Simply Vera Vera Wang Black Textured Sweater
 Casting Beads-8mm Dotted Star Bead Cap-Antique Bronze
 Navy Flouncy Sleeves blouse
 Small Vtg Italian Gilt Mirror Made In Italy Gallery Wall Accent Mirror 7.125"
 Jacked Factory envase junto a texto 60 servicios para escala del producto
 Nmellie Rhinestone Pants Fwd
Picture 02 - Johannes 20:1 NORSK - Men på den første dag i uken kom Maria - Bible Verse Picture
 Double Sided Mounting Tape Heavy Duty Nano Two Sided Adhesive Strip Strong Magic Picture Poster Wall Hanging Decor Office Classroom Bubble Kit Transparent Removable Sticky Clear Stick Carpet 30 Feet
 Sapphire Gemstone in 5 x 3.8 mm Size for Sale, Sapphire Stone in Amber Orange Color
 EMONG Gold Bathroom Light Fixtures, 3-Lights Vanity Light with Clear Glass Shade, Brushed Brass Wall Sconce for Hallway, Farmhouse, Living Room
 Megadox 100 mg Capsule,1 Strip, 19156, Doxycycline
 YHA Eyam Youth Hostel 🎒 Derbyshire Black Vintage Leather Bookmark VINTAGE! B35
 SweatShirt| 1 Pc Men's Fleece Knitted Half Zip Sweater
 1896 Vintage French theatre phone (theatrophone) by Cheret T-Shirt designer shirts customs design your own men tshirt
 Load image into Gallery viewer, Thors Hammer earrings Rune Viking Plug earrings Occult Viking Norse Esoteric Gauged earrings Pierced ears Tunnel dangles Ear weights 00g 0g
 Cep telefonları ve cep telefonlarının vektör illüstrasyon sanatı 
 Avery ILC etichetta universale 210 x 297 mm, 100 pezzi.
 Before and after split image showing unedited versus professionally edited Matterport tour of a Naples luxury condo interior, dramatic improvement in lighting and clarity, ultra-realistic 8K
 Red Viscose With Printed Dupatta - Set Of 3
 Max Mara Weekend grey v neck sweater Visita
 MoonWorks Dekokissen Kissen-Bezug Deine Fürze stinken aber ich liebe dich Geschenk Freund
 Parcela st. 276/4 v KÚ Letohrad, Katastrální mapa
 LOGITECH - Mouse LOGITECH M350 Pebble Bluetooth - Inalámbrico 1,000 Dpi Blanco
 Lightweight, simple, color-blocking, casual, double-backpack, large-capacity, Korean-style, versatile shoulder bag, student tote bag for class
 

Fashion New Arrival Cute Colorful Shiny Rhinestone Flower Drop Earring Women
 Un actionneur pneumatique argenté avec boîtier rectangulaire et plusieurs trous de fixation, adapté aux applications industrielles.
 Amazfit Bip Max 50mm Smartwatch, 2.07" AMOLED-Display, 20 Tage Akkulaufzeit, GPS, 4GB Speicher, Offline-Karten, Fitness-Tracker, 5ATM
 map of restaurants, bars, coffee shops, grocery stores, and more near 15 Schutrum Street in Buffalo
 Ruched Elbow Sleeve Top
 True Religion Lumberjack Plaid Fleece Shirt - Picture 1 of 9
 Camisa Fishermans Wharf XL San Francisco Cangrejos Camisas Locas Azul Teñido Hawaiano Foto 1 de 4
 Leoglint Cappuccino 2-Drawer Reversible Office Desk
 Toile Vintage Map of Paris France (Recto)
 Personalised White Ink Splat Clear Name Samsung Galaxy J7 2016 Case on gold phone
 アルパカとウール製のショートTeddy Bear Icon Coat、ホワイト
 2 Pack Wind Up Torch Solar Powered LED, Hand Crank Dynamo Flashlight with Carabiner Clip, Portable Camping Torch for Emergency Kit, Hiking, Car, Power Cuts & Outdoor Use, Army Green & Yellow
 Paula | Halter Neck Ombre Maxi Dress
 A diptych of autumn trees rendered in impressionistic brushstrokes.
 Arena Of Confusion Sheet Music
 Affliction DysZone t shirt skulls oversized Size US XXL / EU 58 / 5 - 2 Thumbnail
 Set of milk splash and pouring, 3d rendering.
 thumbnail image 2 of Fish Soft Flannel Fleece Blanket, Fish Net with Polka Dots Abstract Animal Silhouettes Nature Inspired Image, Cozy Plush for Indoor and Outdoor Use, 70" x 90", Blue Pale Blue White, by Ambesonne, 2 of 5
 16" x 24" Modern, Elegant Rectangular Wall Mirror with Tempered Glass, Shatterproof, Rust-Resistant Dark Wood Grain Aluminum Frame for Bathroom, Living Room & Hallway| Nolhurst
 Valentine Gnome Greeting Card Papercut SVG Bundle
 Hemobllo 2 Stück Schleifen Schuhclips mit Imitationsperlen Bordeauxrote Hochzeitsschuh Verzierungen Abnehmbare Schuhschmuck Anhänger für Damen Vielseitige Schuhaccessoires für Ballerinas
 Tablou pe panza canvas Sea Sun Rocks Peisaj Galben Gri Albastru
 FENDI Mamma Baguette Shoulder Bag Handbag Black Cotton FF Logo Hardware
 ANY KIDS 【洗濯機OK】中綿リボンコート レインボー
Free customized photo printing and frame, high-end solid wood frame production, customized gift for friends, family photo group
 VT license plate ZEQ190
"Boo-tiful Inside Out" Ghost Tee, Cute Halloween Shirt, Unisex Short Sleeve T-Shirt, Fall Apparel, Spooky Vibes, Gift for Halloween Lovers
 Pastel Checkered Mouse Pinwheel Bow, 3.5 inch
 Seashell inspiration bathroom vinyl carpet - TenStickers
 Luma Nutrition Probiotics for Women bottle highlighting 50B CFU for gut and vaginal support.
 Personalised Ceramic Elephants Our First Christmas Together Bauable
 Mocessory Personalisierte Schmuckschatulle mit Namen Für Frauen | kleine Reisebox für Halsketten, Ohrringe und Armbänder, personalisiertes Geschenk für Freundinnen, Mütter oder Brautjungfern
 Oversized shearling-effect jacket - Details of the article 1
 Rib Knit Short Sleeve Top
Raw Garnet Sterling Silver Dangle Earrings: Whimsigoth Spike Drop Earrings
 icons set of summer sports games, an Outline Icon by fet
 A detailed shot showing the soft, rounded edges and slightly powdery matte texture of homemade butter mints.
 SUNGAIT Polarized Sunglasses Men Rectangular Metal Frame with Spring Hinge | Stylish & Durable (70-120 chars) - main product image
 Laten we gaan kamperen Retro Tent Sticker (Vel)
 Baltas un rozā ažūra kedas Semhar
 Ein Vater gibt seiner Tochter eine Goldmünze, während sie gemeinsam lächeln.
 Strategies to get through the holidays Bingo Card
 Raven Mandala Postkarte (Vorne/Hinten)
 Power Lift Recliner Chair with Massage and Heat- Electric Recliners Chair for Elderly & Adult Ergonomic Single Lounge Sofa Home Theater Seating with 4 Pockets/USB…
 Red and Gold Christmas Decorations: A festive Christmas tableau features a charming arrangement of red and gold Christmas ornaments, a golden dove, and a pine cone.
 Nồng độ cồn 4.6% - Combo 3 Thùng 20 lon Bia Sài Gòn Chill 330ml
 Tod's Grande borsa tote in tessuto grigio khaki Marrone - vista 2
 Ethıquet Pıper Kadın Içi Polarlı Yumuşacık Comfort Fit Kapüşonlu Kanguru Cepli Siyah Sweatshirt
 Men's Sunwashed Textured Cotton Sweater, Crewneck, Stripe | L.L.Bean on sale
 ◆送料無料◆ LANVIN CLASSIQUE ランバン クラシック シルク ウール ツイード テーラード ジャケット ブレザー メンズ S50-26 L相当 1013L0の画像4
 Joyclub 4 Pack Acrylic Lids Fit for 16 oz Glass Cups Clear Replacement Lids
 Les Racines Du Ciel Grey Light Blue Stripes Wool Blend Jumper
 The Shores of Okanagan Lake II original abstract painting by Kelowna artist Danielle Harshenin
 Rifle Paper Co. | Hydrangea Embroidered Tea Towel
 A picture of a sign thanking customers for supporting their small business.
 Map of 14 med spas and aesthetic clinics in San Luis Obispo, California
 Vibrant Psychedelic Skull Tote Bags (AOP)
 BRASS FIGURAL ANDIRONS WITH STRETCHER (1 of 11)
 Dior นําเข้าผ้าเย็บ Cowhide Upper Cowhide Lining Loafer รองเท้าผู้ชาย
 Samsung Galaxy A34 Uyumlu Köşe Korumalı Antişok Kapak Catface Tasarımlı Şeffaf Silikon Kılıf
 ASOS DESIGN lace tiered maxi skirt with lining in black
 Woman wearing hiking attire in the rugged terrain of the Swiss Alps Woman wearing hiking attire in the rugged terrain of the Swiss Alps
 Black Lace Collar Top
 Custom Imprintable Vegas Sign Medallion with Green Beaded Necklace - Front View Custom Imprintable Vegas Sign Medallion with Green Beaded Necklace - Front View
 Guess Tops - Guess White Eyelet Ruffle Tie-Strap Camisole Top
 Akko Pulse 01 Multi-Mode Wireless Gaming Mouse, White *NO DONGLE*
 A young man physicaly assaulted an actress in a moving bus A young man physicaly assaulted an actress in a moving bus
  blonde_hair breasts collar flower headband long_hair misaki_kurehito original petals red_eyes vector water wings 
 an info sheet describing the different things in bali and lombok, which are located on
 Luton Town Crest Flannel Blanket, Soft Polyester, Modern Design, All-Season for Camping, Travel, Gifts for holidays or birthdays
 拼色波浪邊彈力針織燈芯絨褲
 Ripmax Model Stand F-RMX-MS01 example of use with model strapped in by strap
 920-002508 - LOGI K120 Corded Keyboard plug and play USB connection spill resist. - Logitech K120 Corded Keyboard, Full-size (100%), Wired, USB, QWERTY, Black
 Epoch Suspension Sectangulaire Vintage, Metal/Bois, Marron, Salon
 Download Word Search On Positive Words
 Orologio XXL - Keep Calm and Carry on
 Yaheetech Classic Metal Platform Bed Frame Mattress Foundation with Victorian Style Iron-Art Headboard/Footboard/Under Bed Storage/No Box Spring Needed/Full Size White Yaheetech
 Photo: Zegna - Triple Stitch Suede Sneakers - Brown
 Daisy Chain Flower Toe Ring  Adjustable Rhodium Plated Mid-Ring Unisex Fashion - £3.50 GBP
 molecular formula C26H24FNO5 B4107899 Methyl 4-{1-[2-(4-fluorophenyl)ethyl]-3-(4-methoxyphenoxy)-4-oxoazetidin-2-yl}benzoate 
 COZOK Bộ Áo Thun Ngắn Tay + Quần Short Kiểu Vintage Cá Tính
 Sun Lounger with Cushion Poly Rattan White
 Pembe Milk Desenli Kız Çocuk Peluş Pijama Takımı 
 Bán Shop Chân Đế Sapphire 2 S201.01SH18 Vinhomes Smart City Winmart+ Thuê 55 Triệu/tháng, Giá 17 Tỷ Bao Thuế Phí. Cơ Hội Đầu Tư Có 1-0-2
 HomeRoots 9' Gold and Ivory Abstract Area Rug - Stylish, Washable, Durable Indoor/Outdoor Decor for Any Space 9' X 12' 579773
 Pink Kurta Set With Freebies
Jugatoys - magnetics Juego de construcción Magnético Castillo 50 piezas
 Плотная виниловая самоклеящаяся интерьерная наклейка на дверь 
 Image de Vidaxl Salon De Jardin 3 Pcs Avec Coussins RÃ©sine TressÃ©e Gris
■ ■ ■ ■ ■
**PROBLEM TO WORK ON**
Output the lines above exactly, but only those between the line holding "Arena Of Confusion Sheet Music" and the line holding "Tablou pe panza", inclusive.

**PROBLEM SOLUTION**
 Arena Of Confusion Sheet Music
 Affliction DysZone t shirt skulls oversized Size US XXL / EU 58 / 5 - 2 Thumbnail
 Set of milk splash and pouring, 3d rendering.
 thumbnail image 2 of Fish Soft Flannel Fleece Blanket, Fish Net with Polka Dots Abstract Animal Silhouettes Nature Inspired Image, Cozy Plush for Indoor and Outdoor Use, 70" x 90", Blue Pale Blue White, by Ambesonne, 2 of 5
 16" x 24" Modern, Elegant Rectangular Wall Mirror with Tempered Glass, Shatterproof, Rust-Resistant Dark Wood Grain Aluminum Frame for Bathroom, Living Room & Hallway| Nolhurst
 Valentine Gnome Greeting Card Papercut SVG Bundle
 Hemobllo 2 Stück Schleifen Schuhclips mit Imitationsperlen Bordeauxrote Hochzeitsschuh Verzierungen Abnehmbare Schuhschmuck Anhänger für Damen Vielseitige Schuhaccessoires für Ballerinas
 Tablou pe panza canvas Sea Sun Rocks Peisaj Galben Gri Albastru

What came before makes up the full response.